Sometimes the feeling is immediate. You're talking to someone, things are going fine, and then suddenly something shifts. A text, a comment, a habit, the way they carry themselves, the way they show interest. And you can't tell if your attraction genuinely dropped, or if your nervous system simply tightened because closeness is starting to feel real. That's the question I've been sitting with lately: is it a turn-off, or am I just being protective of my heart?

As someone who lives with borderline personality disorder, deciphering the difference between being genuinely turned off and being protective of my heart can be especially tricky. Intensity can make everything feel urgent, and emotional signals can get loud, so I've had to learn to slow down and ask what I'm actually responding to in the moment: incompatibility, fear, or the vulnerability that comes with starting to care.

A turn-off often gets described like a switch. One moment you're interested, the next you feel yourself pull away. It can show up as irritation, cringe, even a sense of repulsion. And what makes it tricky is that people often feel guilty about it, because it can seem shallow or irrational. But sometimes a turn-off is simply information: your body clocking incompatibility before your mind wants to admit it. It's not always a moral failure. Sometimes it's your attraction telling the truth.
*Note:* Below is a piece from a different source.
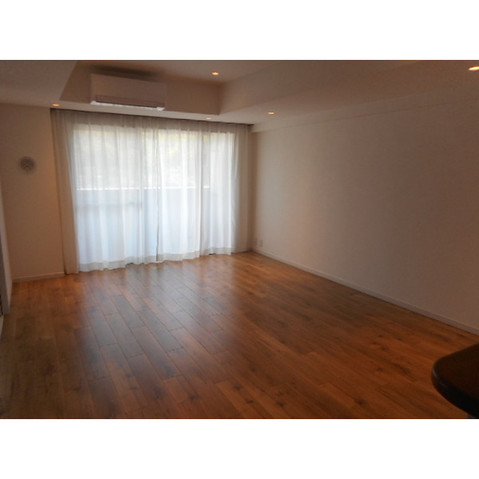 apartment 神奈川県川崎市多摩区登戸２４２２ー３ グロウス ２F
Being protective can feel similar on the surface, but it has a different emotional texture underneath. Protective isn't always “I don't like you.” Sometimes it's “I like you, and that's what scares me.” It can show up as hesitation, overthinking, a desire to slow down, a sudden urge to pull back right when things are getting warmer. Instead of disgust, it feels more like tension. You might still be drawn to them, but you feel exposed. Your mind starts trying to manage the outcome before anything can even happen.

One way I tell the difference is by paying attention to what I feel when I imagine them disappearing. If the thought brings relief, like you can finally exhale, it's probably a true loss of attraction. If it brings anxiety or sadness, it might be protection. Another clue is whether the reaction is focused on their character and behavior, or your fear of vulnerability. If you find yourself thinking, “I don't respect this,” “I don't like how this feels,” or “this is not attractive to me,” that leans more turn-off. If you find yourself thinking, “what if I get attached,” “what if I'm disappointed,” or “what if I lose myself,” that leans more protective.

There's also a difference in what helps. If it's a real turn-off, more reassurance usually doesn't fix it. In fact, sometimes the more someone tries, the more turned off you feel. It's not that they're doing something wrong, it's that your desire isn't there, and forcing it will only create resentment. But if it's protection, time and consistency can soften the fear. Not love-bombing. Not intensity. Consistency. Someone showing you, slowly, that they mean what they say and they can be trusted with access to you.

I also think it matters to look at patterns. Do you lose attraction every time someone is genuinely interested? Do you start nitpicking as soon as you feel seen? Do you feel safest when you're the one with the upper hand emotionally? If so, what you call a turn-off might sometimes be a defense mechanism dressed up as preference, your heart finding a socially acceptable way to avoid vulnerability. But if loss of attraction is rare for you, and it shows up around specific behaviors that clash with your values, it might simply be discernment.

Being protective of your heart can be wise, but it's important not to confuse it with avoidance. Healthy protection is usually about pacing: you're still open to connection, you're just moving slowly and watching for consistency. You can communicate what you need, you stay present, and over time, if the person is steady, your guard naturally softens. Avoidance, on the other hand, is less about protecting your peace and more about protecting yourself from intimacy itself. It shows up as pulling away the moment things get emotionally close, finding flaws to create distance, feeling relieved when the connection cools off, or using “standards” as a disguise for staying unreachable. In other words, protection still leaves room for love to grow; avoidance keeps love at the door so you never have to risk being seen.

So what do you do with the difference? If it's a turn-off, you don't have to force it. You can be kind and still be honest with yourself. Attraction matters. Compatibility matters. If it's protection, you don't have to shame yourself either. You can slow down without closing up. You can be soft and still be careful. You can let someone earn closeness without rushing your heart into a situation it doesn't feel ready for.

The point isn't to become colder. The point is to become clearer. Sometimes a turn-off is clarity. Sometimes being protective is wisdom. And sometimes the work is learning which voice you're listening to, intuition, fear, or a version of yourself that's still trying to survive old endings.